Syamsuddin bahwa pendapat ini pun tidak dapat diterima begitu saja, dengan
alasan bahwa David C. Lindberg telah terkontaminasi oleh pemikiran orientalis
yang cenderung memandang Islam sebelah mata. Sebagai contoh, ia mengklaim kasus
pembakaran buku-buku sains dan filsafat di Cordoba merupakan faktor kemunduran
sains Islam. Padahal, ini hanyalah klaim dari kalangan orientalis yang
tergesa-gesa dalam menyimpulkan. Bahkan menurut Dimitri Gutas dari universitas
Yale, ini hanyalah mitos.[2]
Menurut DR. Syamsuddin, ada satu hal
yang luput dari perdebatan ini, yaitu apa sebenarnya yang melatarbelakangi
oposisi tersebut? Jadi, bukan sekedar bagaimana atau seperti apa kejadiannya,
namun mengapa semua itu terjadi.
Dari analisis penulis, setidaknya
ada tiga yang menjadi alasan DR. Syamsuddin terhadap kemunduran sains di dunia
Islam. Pertama, penyebab utamanya adalah dari Islam itu sendiri. Beliau
memberikan gambaran bahwa banyaknya pemikir Islam secara diam-diam telah murtad
dari Islam. Tren yang berlaku pada saat itu pun adalah free-thinking
alias liberalisme. Bukan intelektual jika tidak liberal dan sekuler. Belum lagi
para pemikir yang mengingkari kenabian Rasulullah. Ada juga yang
terang-terangan minum khamer dan lain sebagainya.
Faktor kedua adalah krisis
ekonomi dan politik yang sangat berpengaruh terhadap perkembangan sains.
Konflik berkepanjangan yang seringkali disertai perang saudara telah
mengakibatkan disintegrasi, krisis militer dan hancurnya ekonomi. Belum lagi
diperparah dengan perang salib yang memakan ribuan korban. Demikian pula invasi
pasukan Mongol yang berhasil menduduki Baghdad pada tahun 1258 M.
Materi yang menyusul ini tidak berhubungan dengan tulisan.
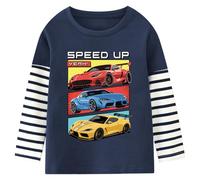 Langarmshirt Baby Jungen Langarm Shirts Kinder Pullover Tops 1 2 Jahre Rennwagen Auto Dunkelblau Gr.92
Faktor ketiga adalah gerakan
sufisme. Seiring dengan kemajuan peradaban Islam saat itu, muncul berbagai
gerakan moral spiritual yang dipelopori oleh sufi. Tujuan gerakan ini hanyalah
sebagai penyucian jiwa dan pembinaan diri secara lebih intensif. Namun,
gerakan-gerakan tersebut kemudian mengkristal menjadi tarekat-tarekat dengan
pengikut kebanyakan orang awam.
Dari sinilah kemudian melahirkan
sufi-sufi palsu yang mengedepankan sifat irasional di kalangan masyarakat.
Akhirnya, mereka lebih tertarik pada aspek-aspek mistik, kesaktian, keajaiban
daripada aspek ubudiyah dan ahlak. Muncullah kemudian praktek-praktek bid’ah,
takhayul dan khurafat. Akibatnya, yang berkembang bukanlah sains
tetapi magic (sihir, perdukunan dan lain sebagainya). Sebenarnya, lebih
tepat jika dikatakan bahwa kemunduran sains disebabkan oleh praktik-praktik
semacam ini bukan oleh ajaran tasawuf.
Sebenarnya, ada juga tuduhan dari
orientalis bahwa penyebab kemunduran sains di dunia Islam yaitu Asy’ariyah.
Dalam hal ini adalah Imam Ghazali. Menurut mereka bahwa Imam Ghazalilah yang
bertanggung jawab atas kemunduran ini, dimana beliau menutup ruang sains dari
Islam. Padahal ini hanyalah tuduhan yang tidak dapat dibuktikan.
Sebenarnya, yang ingin
dihancurkan oleh Imam Ghazali bukanlah bangunan sains, akan tetapi sikap para
ilmuwan saat itu yang begitu menuhankan sains. Sehingga sains menjadi hal yang
sakeral yang tidak dapat diganggu dan digugat. Islam sangatlah menjunjung
tinggi sains. Namun, manaka bertentangan dengan wahyu maka sainslah yang harus
mengalah.
[1] DR. Syamsuddin
Arif, Orientalis dan diabolisme pemikiran, (Depok: Gema Insani, 2008)
hlm. 244.
[2] Sonja Brentjes,
“Orthodoxy, Ancient Sciences, Power, and the madrasah (College), in Ayyubbid
and Early Mamluk Damascus,” paper presented to the International Wokshop on
Experience and Knowledge Struktures in Arabic and Latin Sciences, Max Planck
Institute for History of Sciences, Berlin, December 16-17, 1996.